I am using n1-standard-16 instances (16 vCPUs, 64 GiB Mem). Does anyone here know how to fix this error? Thanks in advance!

Thanks,

-Umar

Patrick Clay

unread,

Feb 23, 2018, 4:46:41 PM2/23/18

to Google Cloud Dataproc Discussions

Switching to n1-highmems or tuning properties should fix that.

The default executor sizing for VMs (with 16 or more vCPUS) of Dataproc is 1 executor per 8 vCPUs, which comes out to ~24GB per executor on the standard track and ~42 GB per executor on the highmem track. Machines with 8 or fewer vCPUs have smaller executors. So if you want large executors by default n1-highmem-16 might help.

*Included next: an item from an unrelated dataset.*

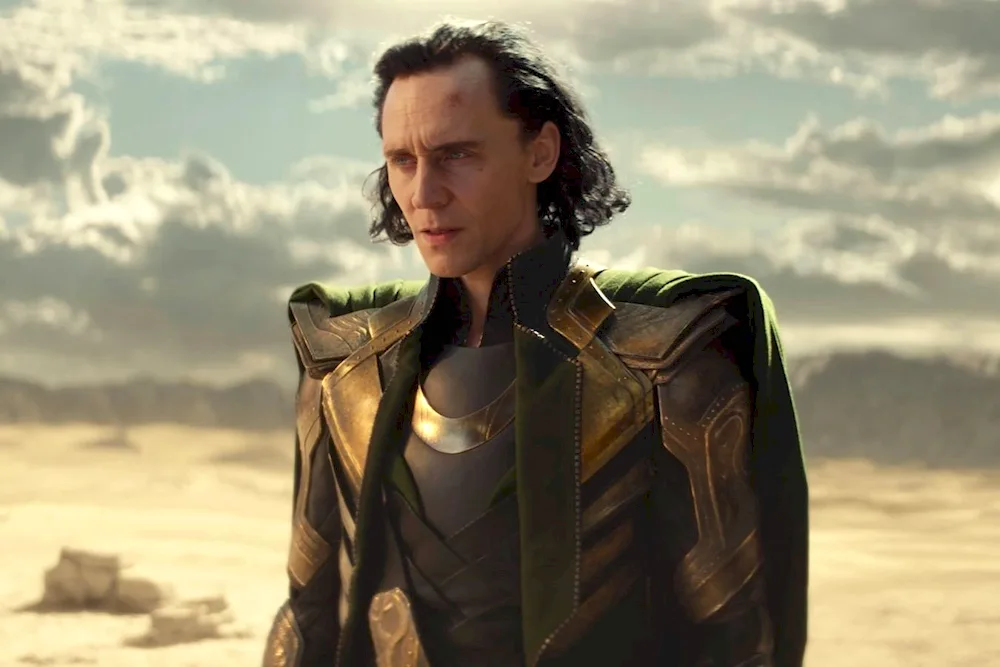 Tom Hiddleston Loki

That being said you might want to tune your Spark job properties either increasing spark.executor.memory to have larger executors, decreasing spark.executor.cores to minimize parallelism in each executor, or look at Spark's memory tuning guide.

Hope that helps

-Patrick

UFM

unread,

Feb 26, 2018, 4:43:37 PM2/26/18

to Google Cloud Dataproc Discussions

Thanks Patrick for all the suggestions. Tuning helped (increasing both driver and executormemoryOverhead). I am now able to finish that query (and other problematic queries) on n1-standard-16 instances.